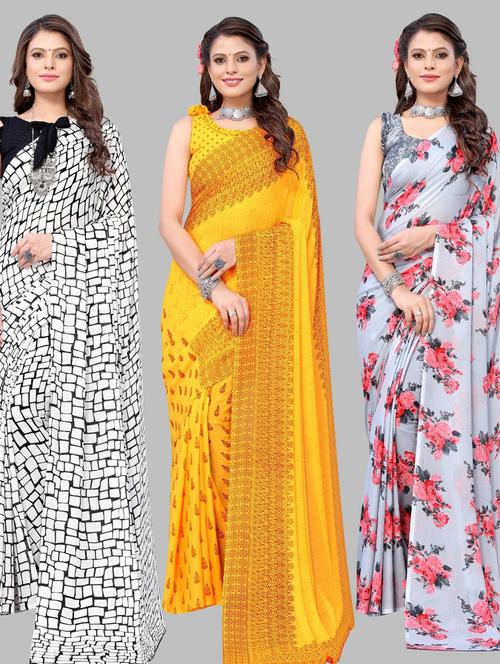 pack off 3 printed sarees - 19571798 - Very Small Image - 1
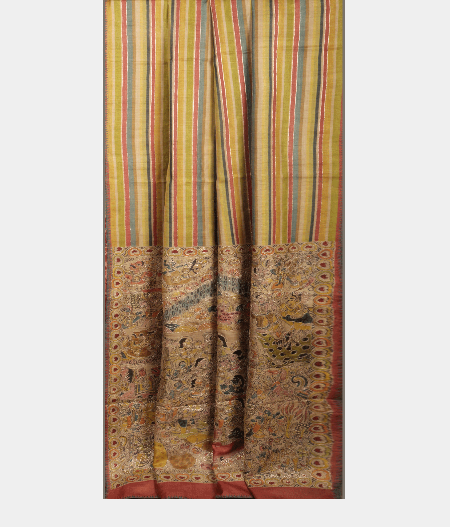 Mustard Yellow Tussar Printed Saree T2244944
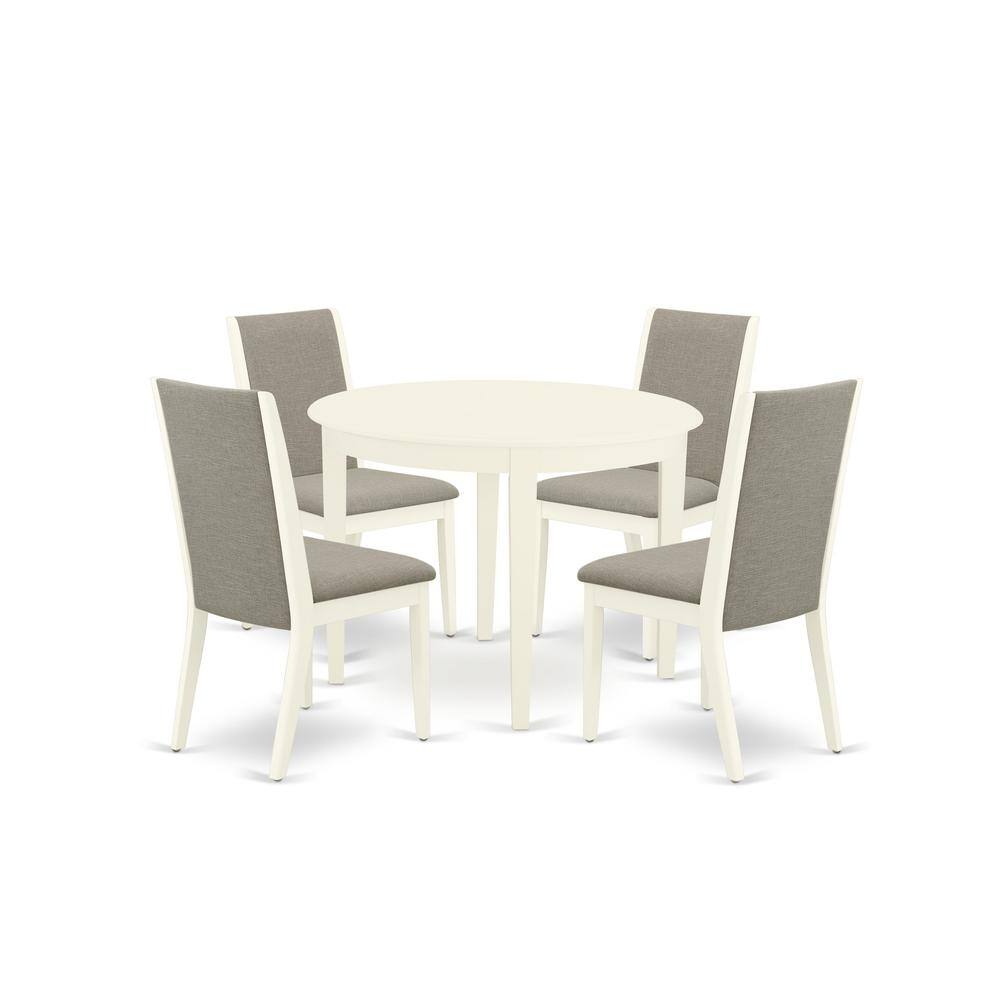 Back. East West Furniture - Dining Room Set Linen White - Brown.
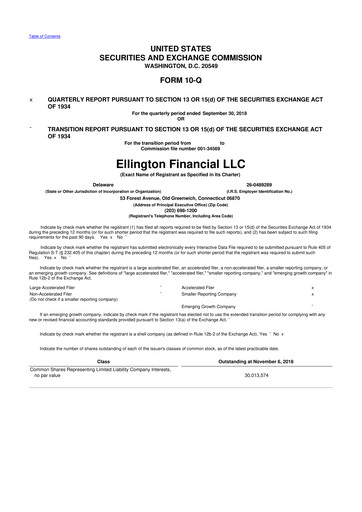 Thumbnail Ellington Financial
 10-Q Quarterly Report FY2018 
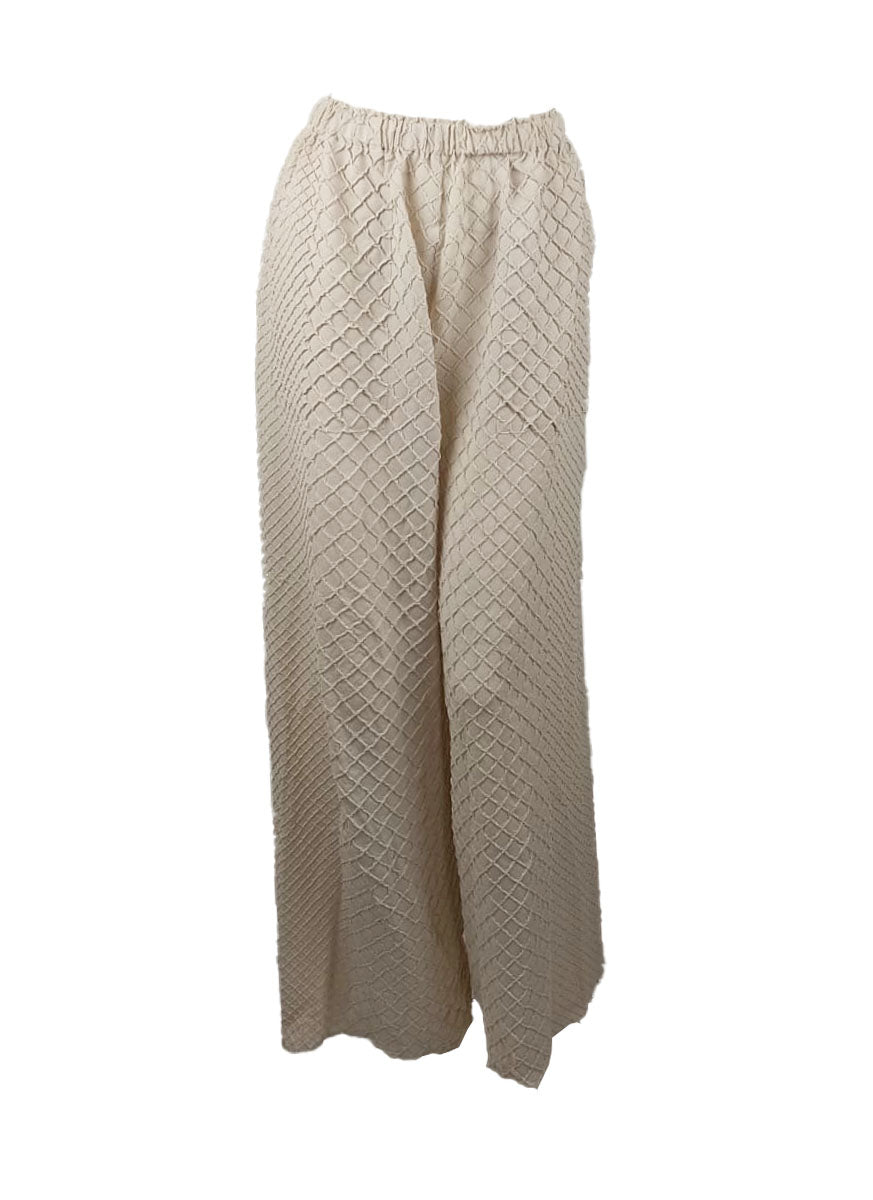 4250020 Embroidered Pleated Pants *Beige
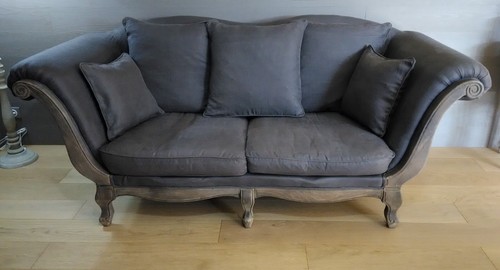 Canapé banquette lin taupe - banquette, en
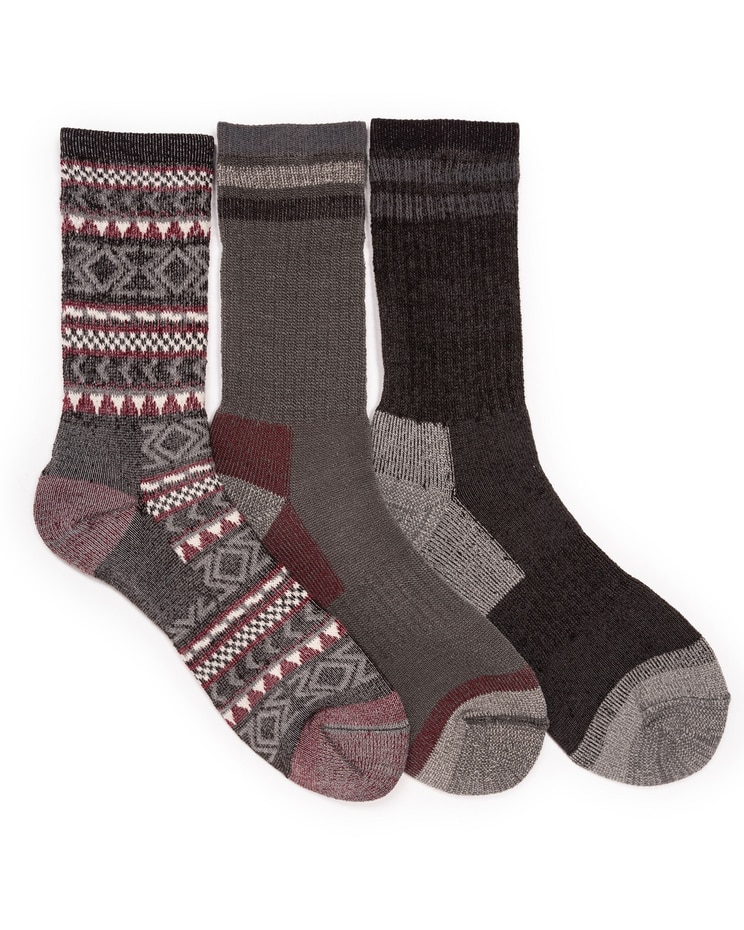 MUK LUKS® 3Pk Crew Heat Retainer Socks image number 1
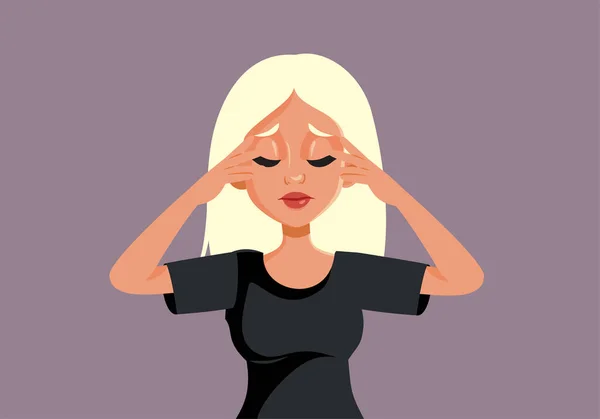 Unzufriedene Junge Frau Mit Kopfschmerzen Symptom Vektor Illustration — Stockvektor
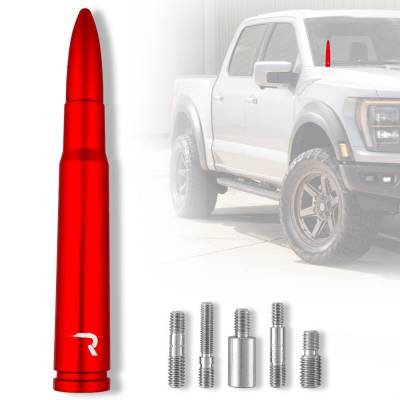 Recon - Recon 264ANT50RD 5" Aluminum 50 Cal Universal Stubby Antenna Red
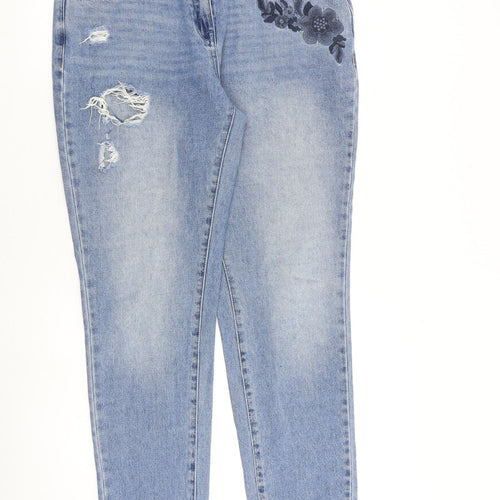 NEXT Womens Blue Cotton Tapered Jeans Size 14 L31 in Regular Zip - Floral Detail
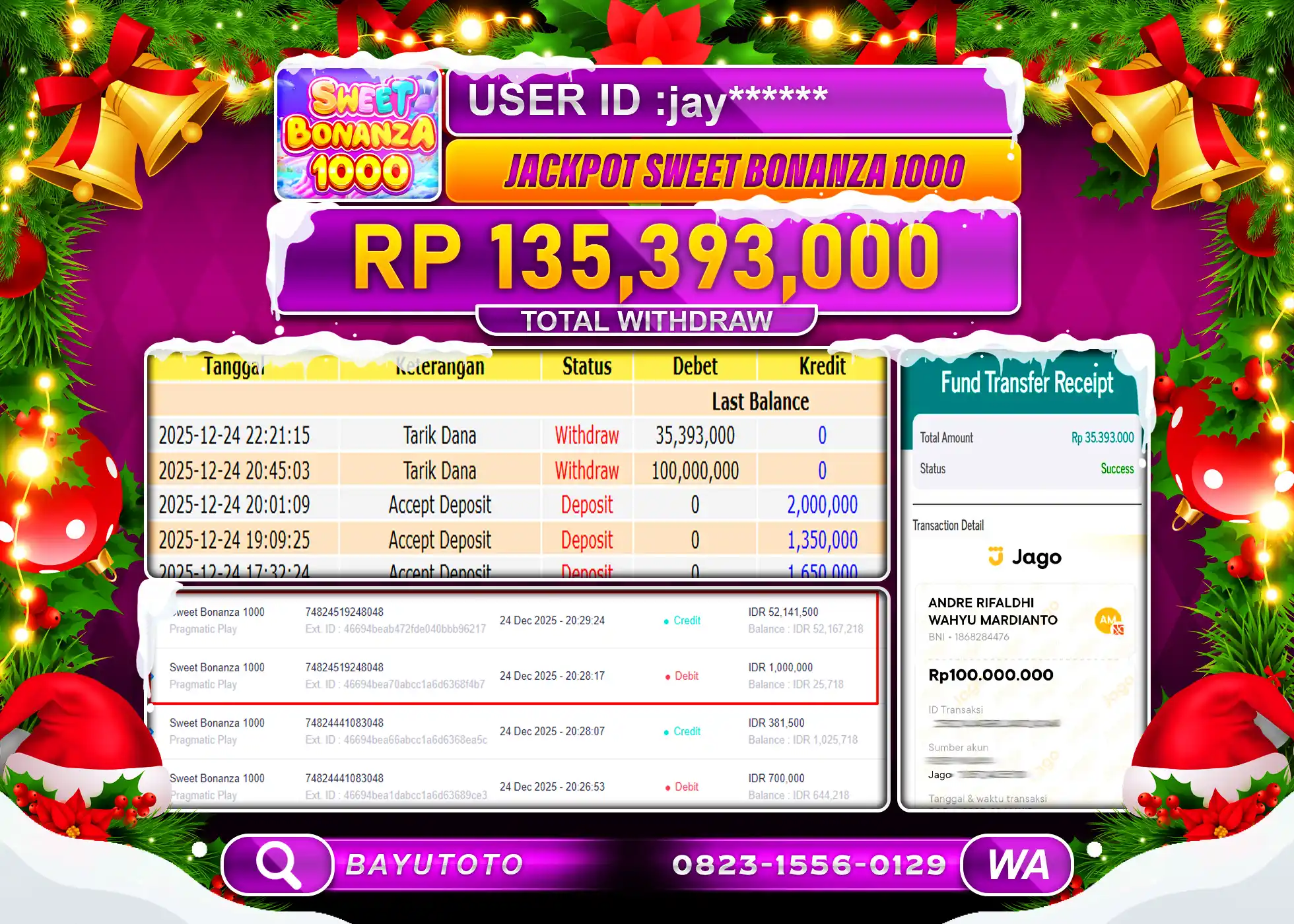 SELAMAT MEMBER SETIA BAYUTOTO JACKPOT DI SWEET BONANZA 1000 Rp. 135,393,000 LUNAS
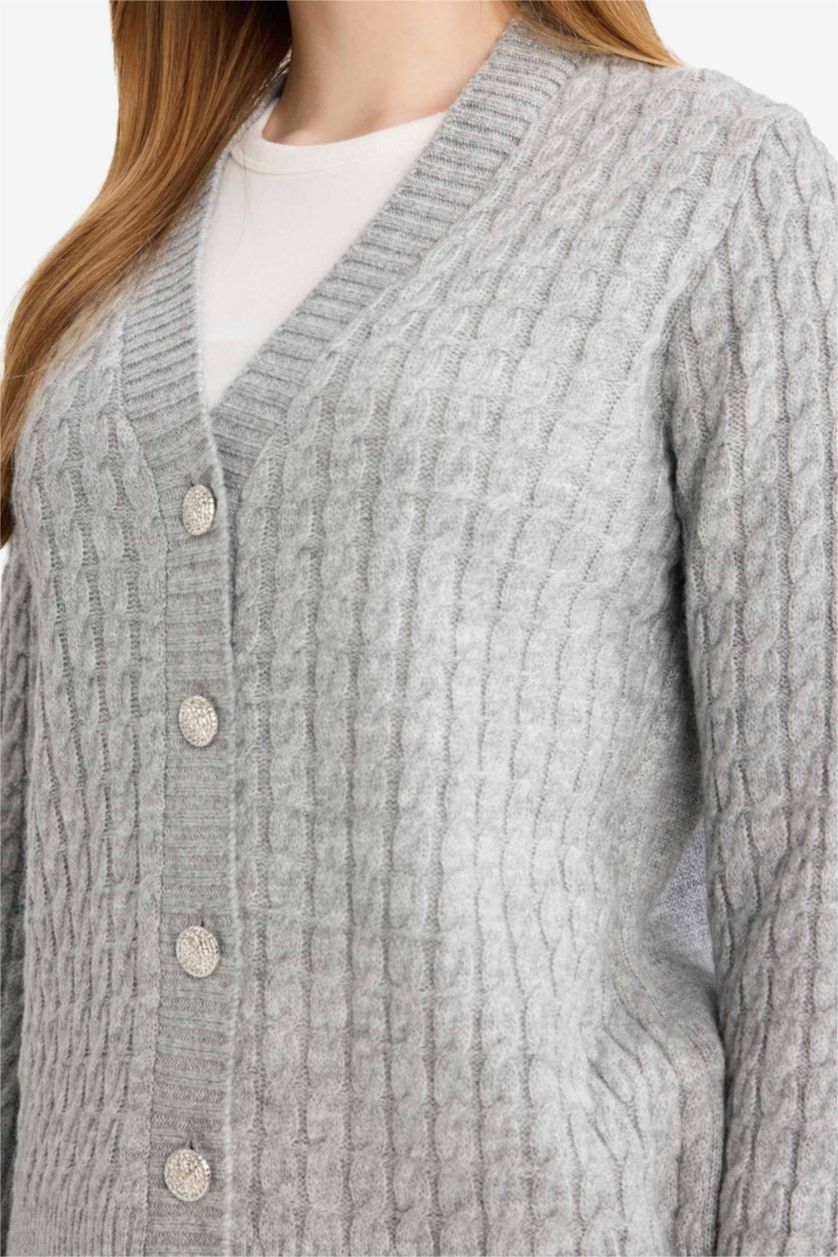 Woman Light Grey Regular Fit V-Neck Cardigan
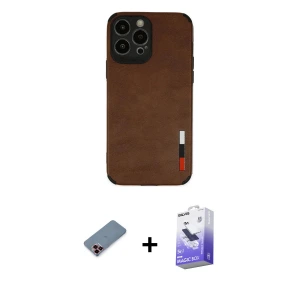 ieg™ iPhone 13 Pro Max Kılıf Doruk Asil Koleksiyonu - Siyah Bilvis 5in1 5D Magic Hayalet Cam Ekran Koruyucu + Metal Kamera Lens Koruma Cam - KI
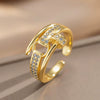 Wholesale Women's Geometric Gold Plated Copper Letter Studded Zircon Open Index Finger Ring Modern Minimalist Style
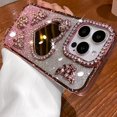 thumbnail image 3 of for iPhone 16 Pro Max Bling Case, Shockproof Luxury Shiny Diamond 3D Butterfly Glitter Gilry Woman Thin Soft Phone Cover with Love Heart Makeup Mirror for iPhone 16 Pro Max 6.9 inch (Pink), 3 of 12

#####

§ The task
Although the records contain pictures, print only the rest, exactly as written.

§ Completed exercise
 pack off 3 printed sarees - 19571798 - Very Small Image - 1
 Mustard Yellow Tussar Printed Saree T2244944
 Back. East West Furniture - Dining Room Set Linen White - Brown.
 Thumbnail Ellington Financial
 10-Q Quarterly Report FY2018 
 4250020 Embroidered Pleated Pants *Beige
 Canapé banquette lin taupe - banquette, en
 MUK LUKS® 3Pk Crew Heat Retainer Socks image number 1
 Unzufriedene Junge Frau Mit Kopfschmerzen Symptom Vektor Illustration — Stockvektor
 Recon - Recon 264ANT50RD 5" Aluminum 50 Cal Universal Stubby Antenna Red
 NEXT Womens Blue Cotton Tapered Jeans Size 14 L31 in Regular Zip - Floral Detail
 SELAMAT MEMBER SETIA BAYUTOTO JACKPOT DI SWEET BONANZA 1000 Rp. 135,393,000 LUNAS
 Woman Light Grey Regular Fit V-Neck Cardigan
 ieg™ iPhone 13 Pro Max Kılıf Doruk Asil Koleksiyonu - Siyah Bilvis 5in1 5D Magic Hayalet Cam Ekran Koruyucu + Metal Kamera Lens Koruma Cam - KI
 Wholesale Women's Geometric Gold Plated Copper Letter Studded Zircon Open Index Finger Ring Modern Minimalist Style
 thumbnail image 3 of for iPhone 16 Pro Max Bling Case, Shockproof Luxury Shiny Diamond 3D Butterfly Glitter Gilry Woman Thin Soft Phone Cover with Love Heart Makeup Mirror for iPhone 16 Pro Max 6.9 inch (Pink), 3 of 12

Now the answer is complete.